How is it that some stray graffiti with apparent slurs against white people warrants a lengthy response from a team specifically created to respond to bias-related incidents, but a chalk “letter” to the TSL Editor in a very exposed area of campus rhetorically asking where to buy roofies (the implication being that the author of the letter intends to drug and rape someone) gets nothing? Really, how is that? For those of you who didn’t see it, the chalk writing in front of Frary said, “Dear TSL Editor, Need to get a girl… Where do I buy roofies? [heart], A’s, B’s, & DD’s.” We can have open forums all day about the dangers of racism, but at the end of the day, I think I speak for most of the white students on campus when I say I wasn’t too broken up about the graffiti (I wasn’t aware of it until the bias-related incident e-mail informed me). On the other hand, smartersex.org tells me that for every 1000 women attending college, 35 of them will be raped in an academic year. How would you feel as a survivor of sexual assault walking through campus and seeing a publicly scrawled joke that’s poking fun at drugging and raping women?
And my complaint will undoubtedly be met with the defense that I just need to lighten up, they were trolling anyway. Here’s the problem: you can’t troll about rape. When it comes to this issue, there are basically two camps of people. There are the people who are supportive of survivors of sexual assault and live their lives in a way that reflects their compassion for these people, and there’s everyone else. First, let me clarify that you don’t have to run a sexual assault counseling center to be, as I said, living your life in a way that reflects compassion. But you do have to be conscious of your language and unmoving in your attitude that making light of rape in any way at any time is absolutely unacceptable.
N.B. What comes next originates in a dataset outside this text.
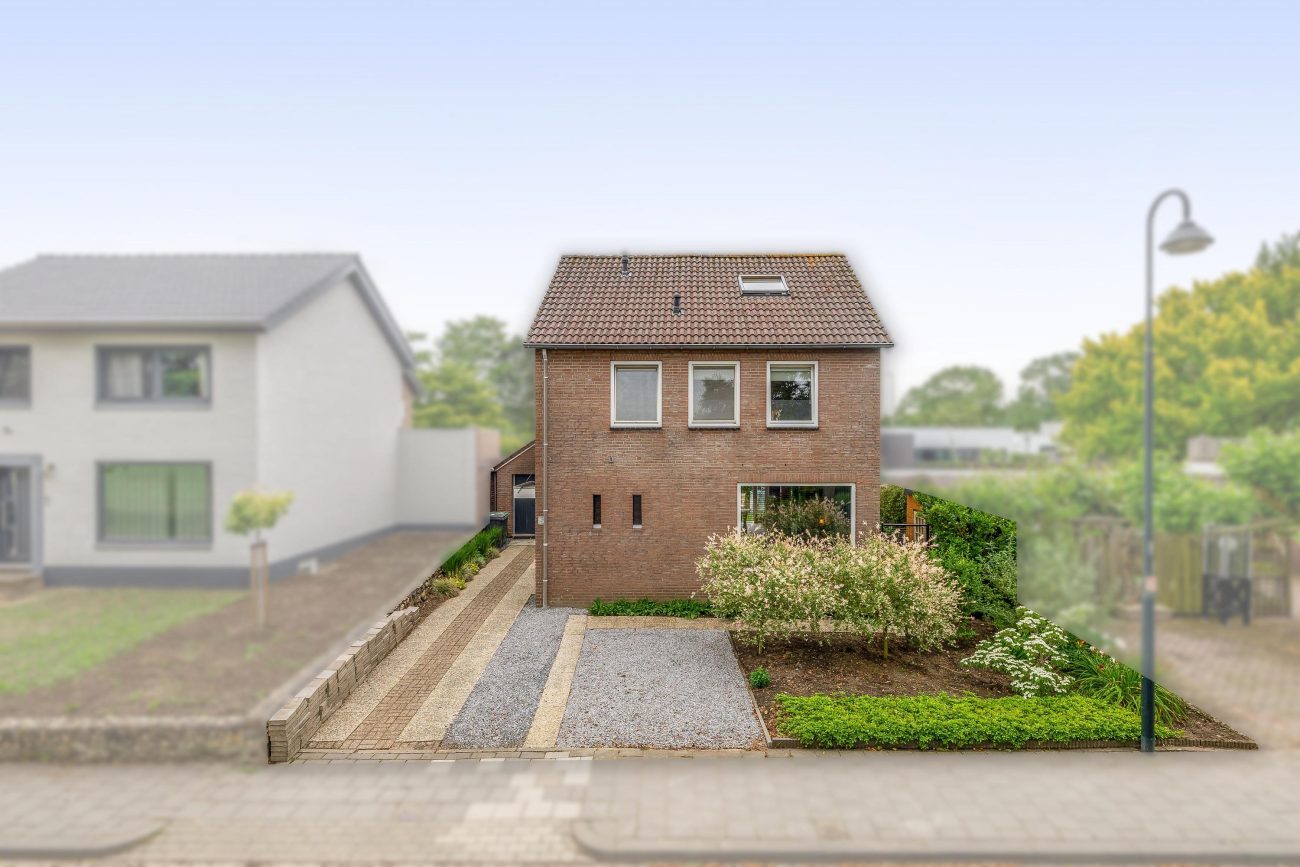 Oude Heerweg 62A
As for everyone else, there are gradations here as well. There are those who are passive toward rape jokes and the like, and they’re a part of the problem in the sense that everyone needs to be moving toward a mindset where survivors are never made to feel laughed at. But the real reason I’m writing is to address the people who wrote the “letter.”
That writing was odious and abhorrent. Maybe it’s funny to you because you don’t know (or at least you don’t think you know) women who’ve been victimized in this way. But you are a big part of the problem. When you write something like that, you’re telling everyone that you think rape is a funny subject and that it is acceptable to publicly joke about drugging and raping women in a place where those very women will see it. One of the best ways we move toward a society where rape is less of an epidemic (I don’t use that word lightly; the Rape, Abuse and Incest National Network reports that one in six American women have been victims of attempted or completed rape in their lifetimes) is by making it clear to rapists that they are repellent and monstrous people. Concretely, that means not making jokes that portray raping women as funny.
I want to end by asking you to engage in a thought experiment. Suppose your mother came to you in tears and confessed that she had been drugged and raped last weekend. Would you still feel that it was a funny troll?
(I want to mention that I recognize the reality of sexual violence against men and I think it is equally as deplorable. I addressed sexual violence against women in this letter because the author of the offending letter specifically mentioned that “a girl” was the target of the pretend plan to drug and rape.)